東京のおばあさん

先日、つれあいに連れられて京都一乗寺恵文社に行って、中条省平クリント・イーストウッド」を衝動買いしてしまったことを書いた(id:yagian:20090710)。
これ以外にも衝動買いしてしまった本がある。円地文子「江戸文学問わず語り」である。これまで円地文子にはまったく縁がなかったけれど、題名に惹かれて買ってしまった。

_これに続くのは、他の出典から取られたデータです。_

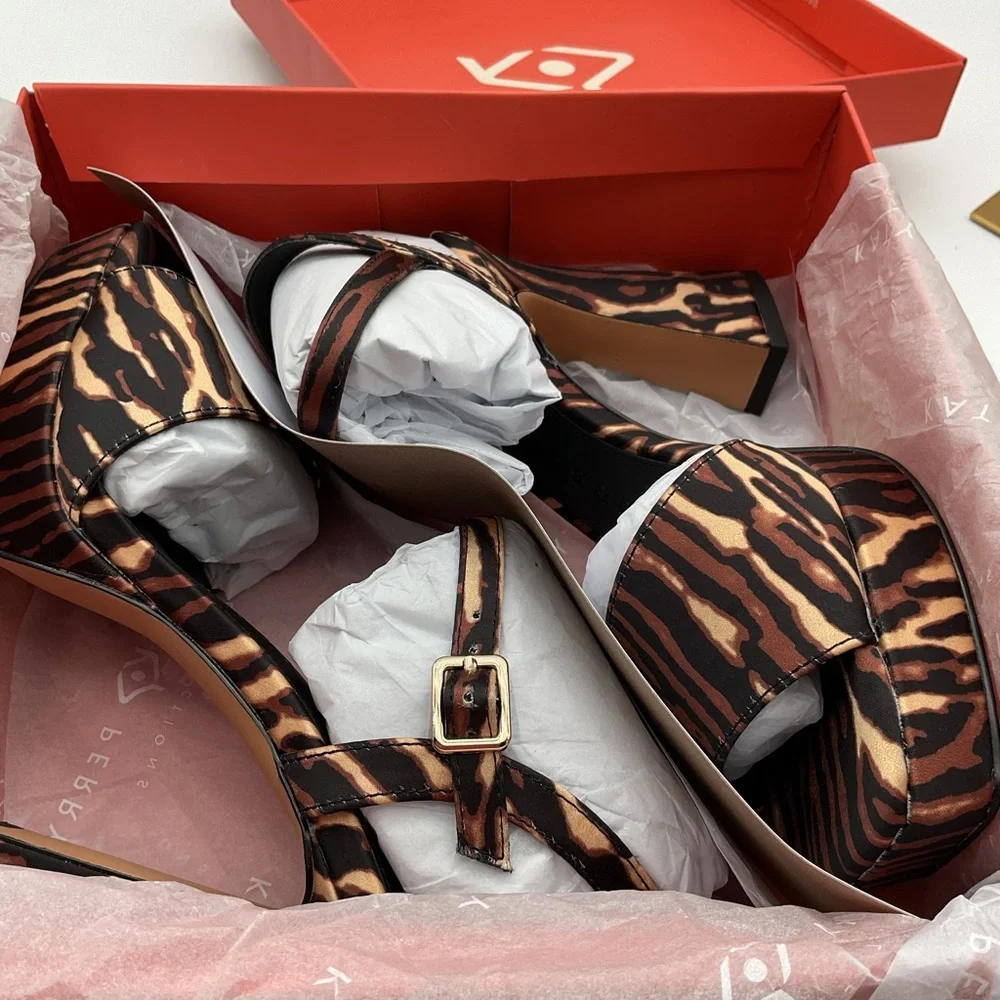 Katy‎ Perry Collections the square linger Animal Print Platform Heels size 6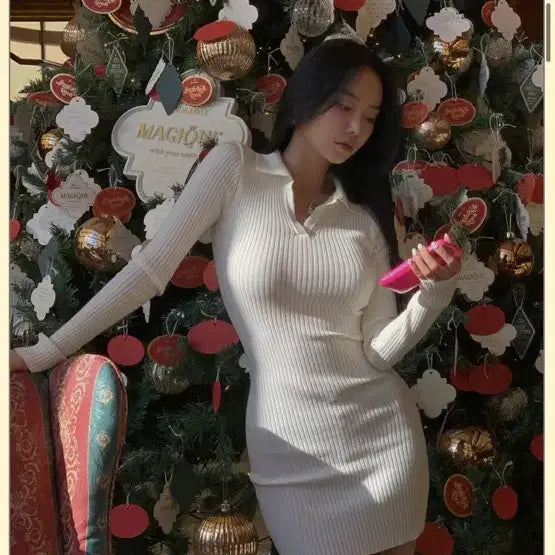 [BUNJANG] Pale Jade Ribbed Knit Dress - Ivory / 페일제이드 골지 니트 원피스 / 아이보리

読んでみたら、大正解だった。冒頭の近くにこんな一節があった。

 私は東京生まれで、東京にずっと住みついているので、土地勘としての故郷は存在しないというのが実感です。「ふるさとは遠きにありて思うもの」で、生まれた土地を生涯離れないで生きて来ると、故郷の概念はもてませんし、旅に出た帰りなど列車が東京に近づくと、なつかしさに心が弾むどころか、新たに荷でも背負わされたような何とも重たい気分に誘い込まれます。つまり東京という巨大な都市のなかに、私の生涯の喜怒哀楽のすべてを渦巻きこんだどろどろしたものが淀んでいて、いつもそこに住んで居なければならないと思うほど、そこから逃げ出したい息苦しさを感じるのです。

樋口一葉夏目漱石谷崎潤一郎永井荷風芥川龍之介と東京生まれの作家にはなんとも言えない共感を覚える。また、そんな東京生まれの作家の一人とめぐり会うことができた。

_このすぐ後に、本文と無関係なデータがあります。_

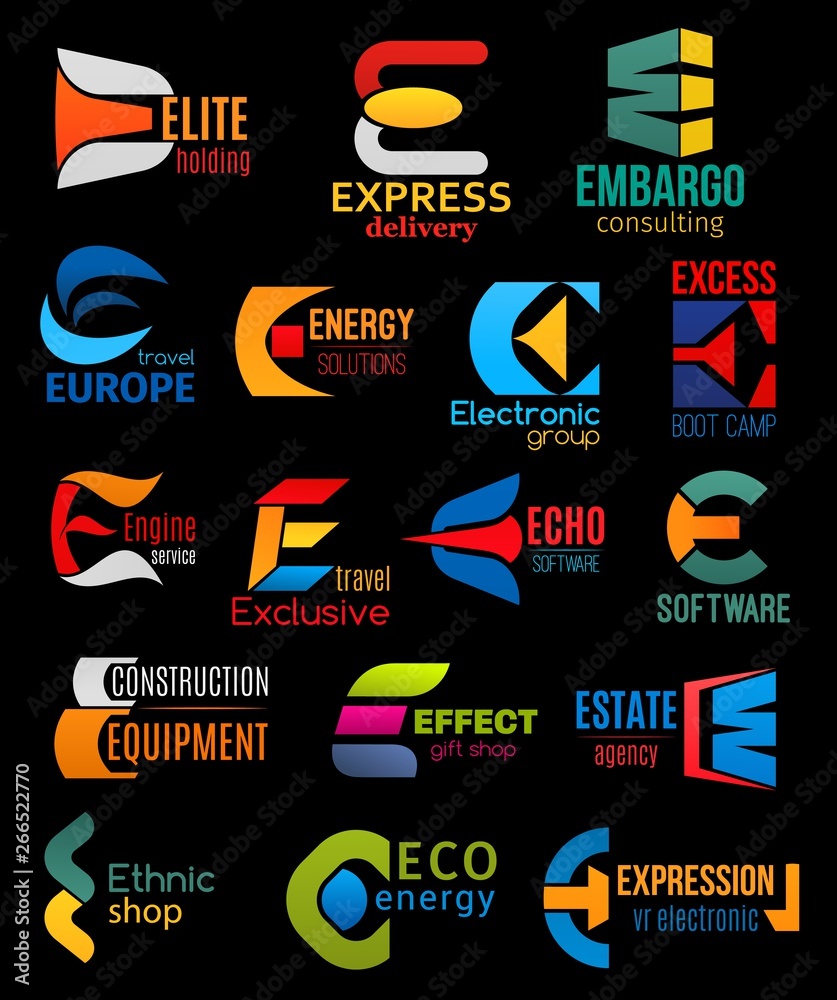 E icons company and brand corporate identity signs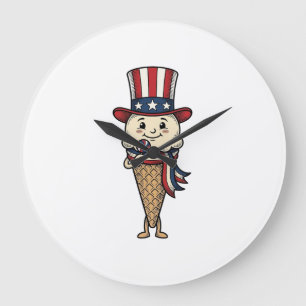 Grande Horloge Ronde Cône de glace patriotique Dessin de gravure vintag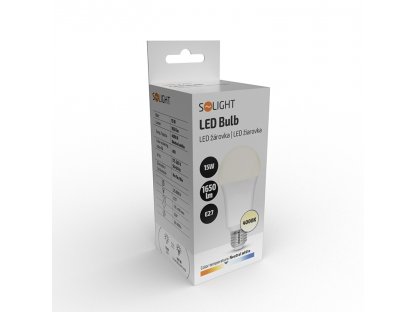 Solight LED žiarovka, klasický tvar, 15W, E27, 4000K, 220°, 1650lm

年譜を見ると、生まれは浅草だが、育ちは下谷区谷中清水町、その後、小石川区駕籠町、小石川区表町、中野区江古田と転居し、文京区関口の目白台アパートを仕事場にしていたという。いずれも私もよく知っている土地ばかりである。東京のおばあさんには一種独特の雰囲気があるが、円地文子にも、その東京のおばあさんの香りを感じる。

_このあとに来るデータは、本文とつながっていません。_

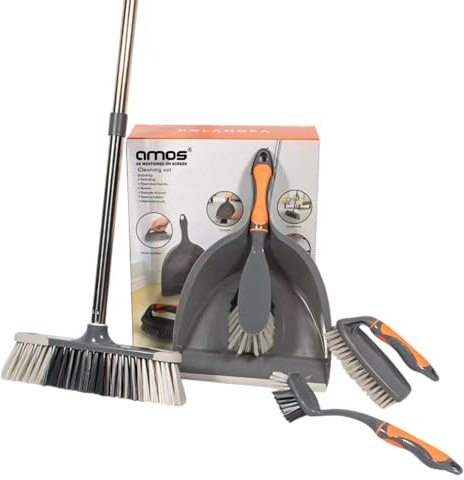 AMOS 5-in-1 Cleaning Set Perfect for Kitchens and Homes Includes Broom, Dustpan, Hand Brush, Scrubbing Brush, and Dish Brush - Grey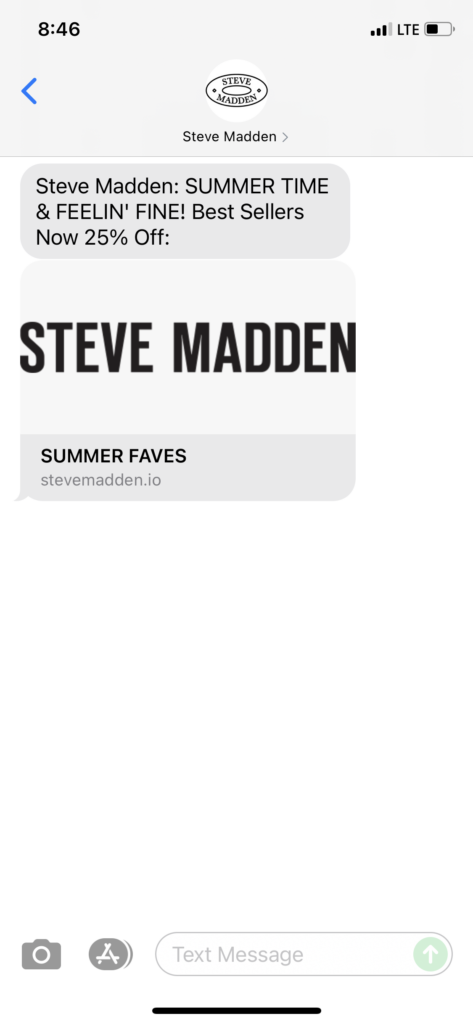 Steve Madden Text Message Marketing Example - 06.30.2021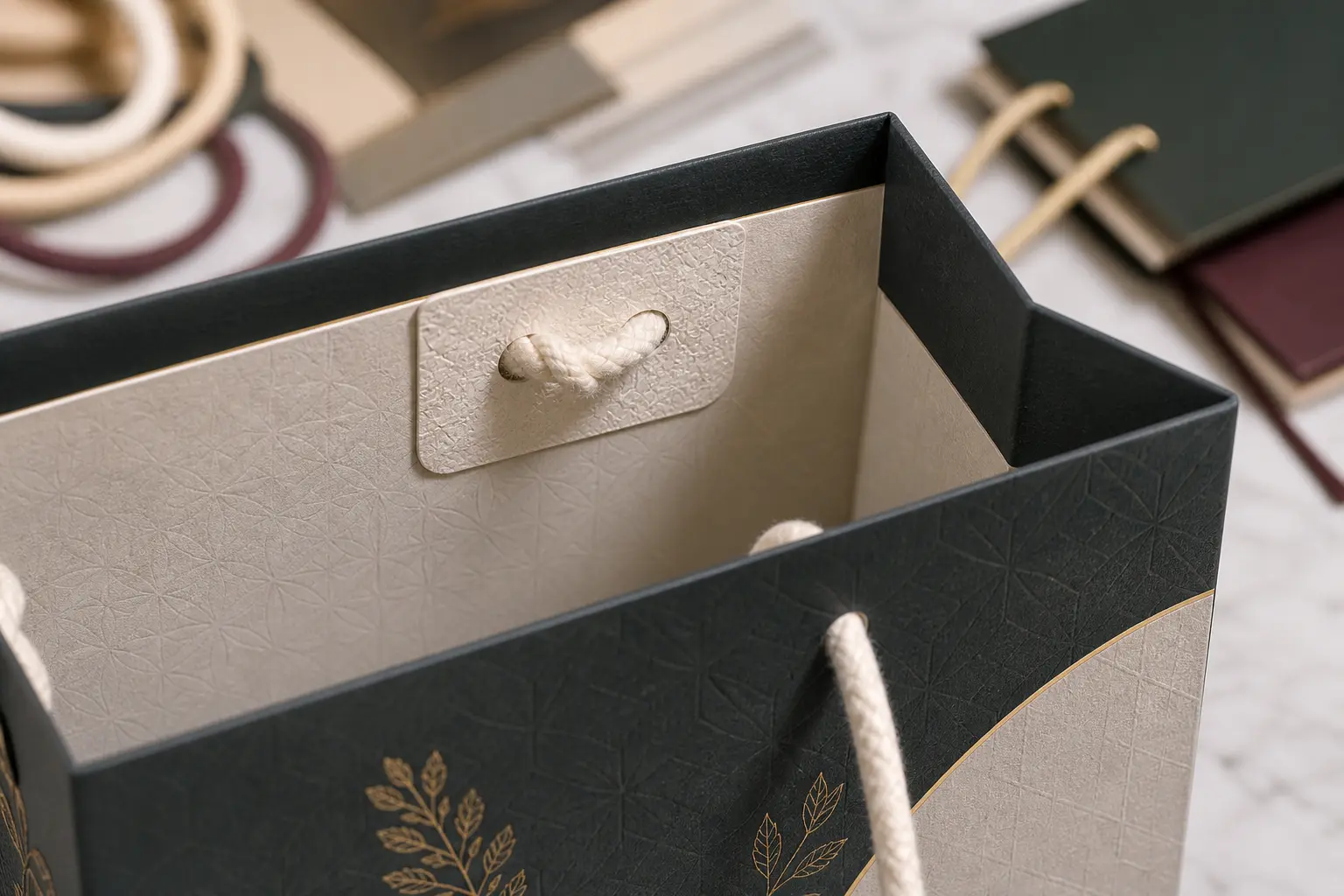 Paper bag handle hole reinforcement detail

円地文子は、旅行から帰るとき「何とも重たい気分に誘い込まれます」と書いているが、私の場合、帰るときに重い気分になるというよりは、旅行に出発するときになんとも言えずすがすがしい軽い気分になる。特に、海外に行くときは特に気持ちが軽くなる。旅行が好きなのは、いつも生活をしている東京のどこかに息苦しさを感じていて、そこから逃げ出せるからかもしれない。